HourGlass Technologies of Redwood City, Calif. is trying to mimic banding from within. Instead of clamping a ring around the outside of the stomach, it inserts a device through the mouth that sucks in the stomach and clamps it in place.

GI Dynamics of Lexington, Mass., has approval in Europe for the EndoBarrier, which mimics part of bypass surgery. It is a tube, inserted through the mouth, that lines the inside of the small intestine. Food going through the intestine cannot pass through the intestinal wall.

One drawback for devices embedded in the digestive tract is that they should be removed after six months or a year to prevent health problems from developing. Some surgeons question the value of these devices compared with permanent surgery.

“You remove it and there’s nothing to prevent the person from going back to the way they were,” said Dr. Gregg Kai Nishi, a weight loss surgeon in Beverly Hills, Calif.

Some manufacturers, however, argue that the devices can spur people to change their lifestyles. “It’s like nicotine patches,” said James McKinley, chief executive of Endosphere, an obesity device developer.

Not all the new devices circumvent incisions. Vibrynt, of Redwood City, Calif., is developing a device shaped like the stomach that is implanted next to the real stomach and compresses it.

Gastric pacemakers are implanted under the skin in the abdomen, with wires leading to the stomach wall. The electric pulses are believed to somehow dampen appetite. IntraPace, of Mountain View, Calif., recently won approval of its pacemaker in Europe.

Even the devices approved in Europe are several years from the market in the United States. Many of the companies have not yet reached agreement with the F.D.A. on the clinical trials needed to win approval.

“There is no clear path to an approval in the U.S.,” said Mr. Narciso of Baronova. “The investment community is getting very nervous about obesity right now.”
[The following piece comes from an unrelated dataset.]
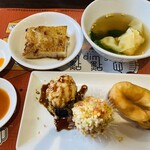 DimDimSum -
A spokeswoman for the F.D.A. said the agency wanted devices to result in weight loss that was 15 to 25 percentage points greater than a control group’s weight loss. In addition, the F.D.A. wants to measure this weight loss six months after the device is taken out, because of the potential for regaining weight.

Some executives say they have been told they need a difference of 25 percentage points, which could be tough. If the control group loses 15 percent of its excess weight, the treated group would need to lose 40 percent. That is more than the median weight loss of 32 percent median achieved by the Lap-Band when it was approved, in a trial without a control group.

Some device makers say they should not be held to the same standards as procedures that involve incisions. “Because this is a less invasive and less risky approach, something with a lower weight loss may be very helpful and accepted by patients,” said Darin Buxbaum, chief executive of HourGlass.

Satiety’s procedure resulted in nearly 40 percent loss of excess weight in an early trial without a control group. But in the main trial, it was compared with the results from patients who underwent a simulated procedure, in which a device was briefly inserted down the throat but no stapling was done.

Executives would not provide specific results but the weight loss was far less than in the earlier studies. Satiety executives speculated that patients, not knowing if they had really had the procedure, did not change their diets accordingly.

The failure has “thrown some cold water on the field,” said Dr. Richard Rothstein, chief of gastroenterology at Dartmouth Medical School. He is helping to organize a meeting later this year in which industry executives, doctors and the F.D.A. will discuss standards for trial design and approval of obesity devices.